En su propósito de alterar y jugar con los mitos y clichés hollywoodenses, Payne sitúa la historia de su cinta en Hawai, un ámbito pintoresco y fotogénico, el paraíso estadunidense aquí revertido donde se desarrolla una historia de traiciones conyugales y cálculos financieros, de golpes bajos y ambiciones frustradas, cuyo protagonista central es Matt King (Clooney), el abogado exitoso que es heredero principal, a lado de sus numerosos primos, de una inmensa propiedad que él puede elegir en convertir en centro de atracción turística o bien preservar como un patrimonio familiar al abrigo de la especulación inmobiliaria. Este hombre, capaz de contrariar en un instante las ambiciones de sus familiares, se muestra en otros momentos tan impasible y gris que desespera a su hija mayor, como posiblemente también habrá impacientado a la esposa que prefirió buscar estímulos más firmes y confiables en una relación adúltera.
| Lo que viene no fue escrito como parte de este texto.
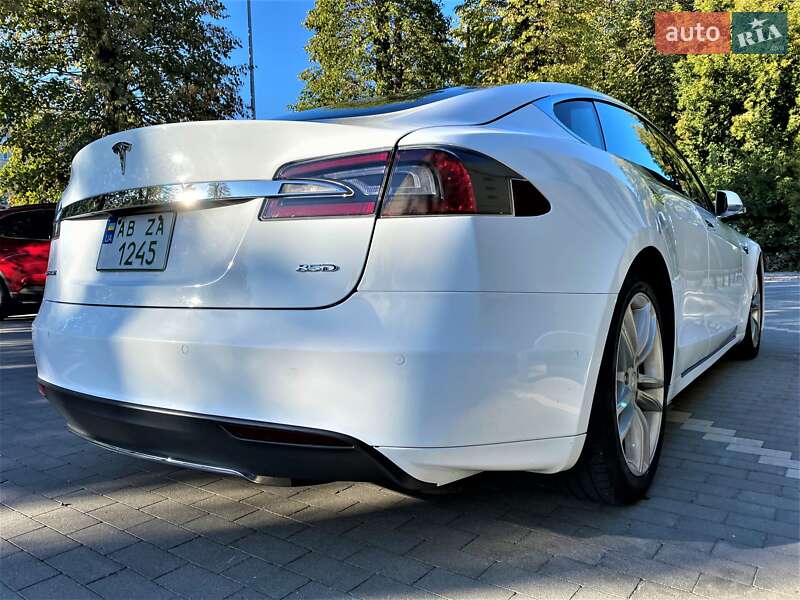 Лифтбек Tesla Model S 2015 в Виннице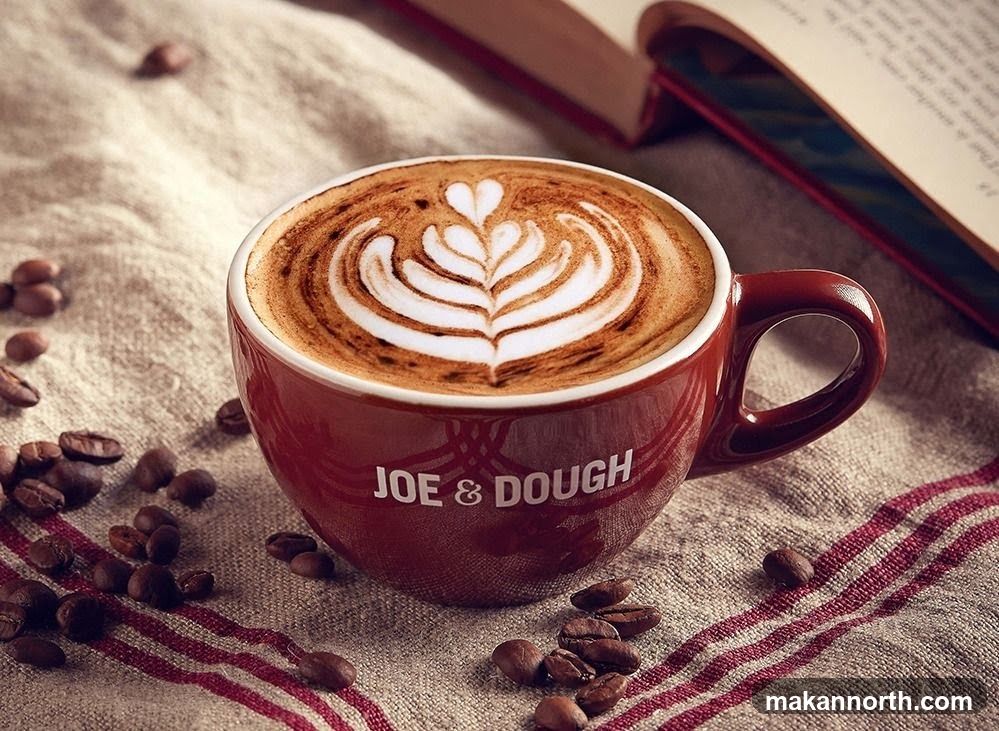 Latte with latte art
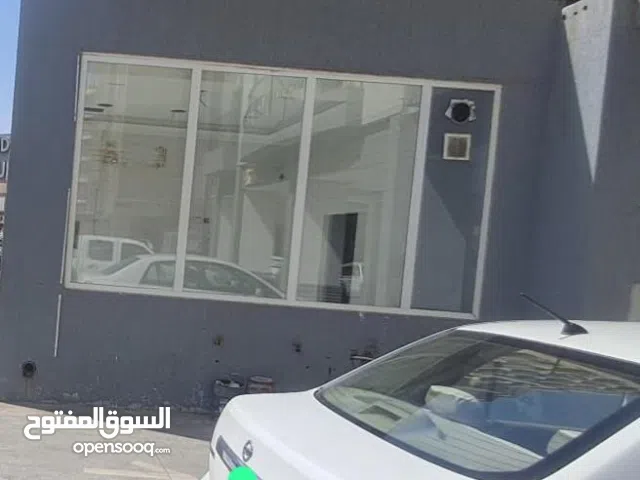 للإيجار محل بحولي شارع رئيسي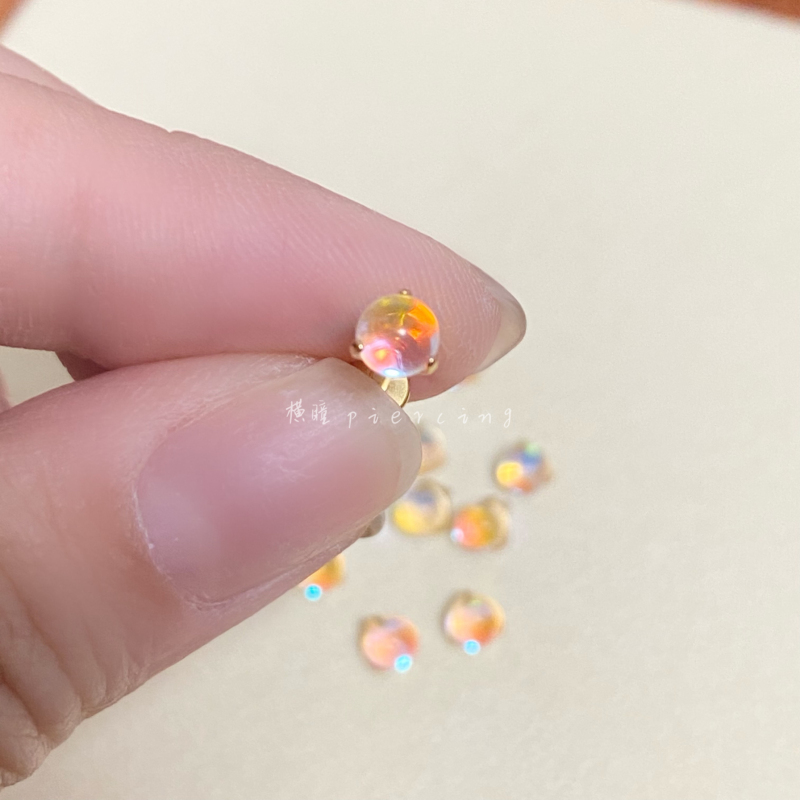Horizontal Pupil 4mm, Night-Glowing, Titanium Alloy Gold-Plated Claw-Set Earrings, Super Shiny Medical Ear Cartilage Studs, Cochlear Studs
Luego de que la mujer de Matt sufre un accidente que le provoca daños irreparables y la precipita en un estado de coma, su marido debe recuperar penosamente el afecto de sus dos hijas frente a las que ha perdido algo de autoridad y un gran capital afectivo. La revelación por parte de la hija mayor de la infidelidad de su esposa le conduce también a investigar la identidad del rival, hasta entonces desconocido, y a preparar meticulosamente un ajuste de cuentas que naturalmente incluye a la esposa incapaz ya de respuestas.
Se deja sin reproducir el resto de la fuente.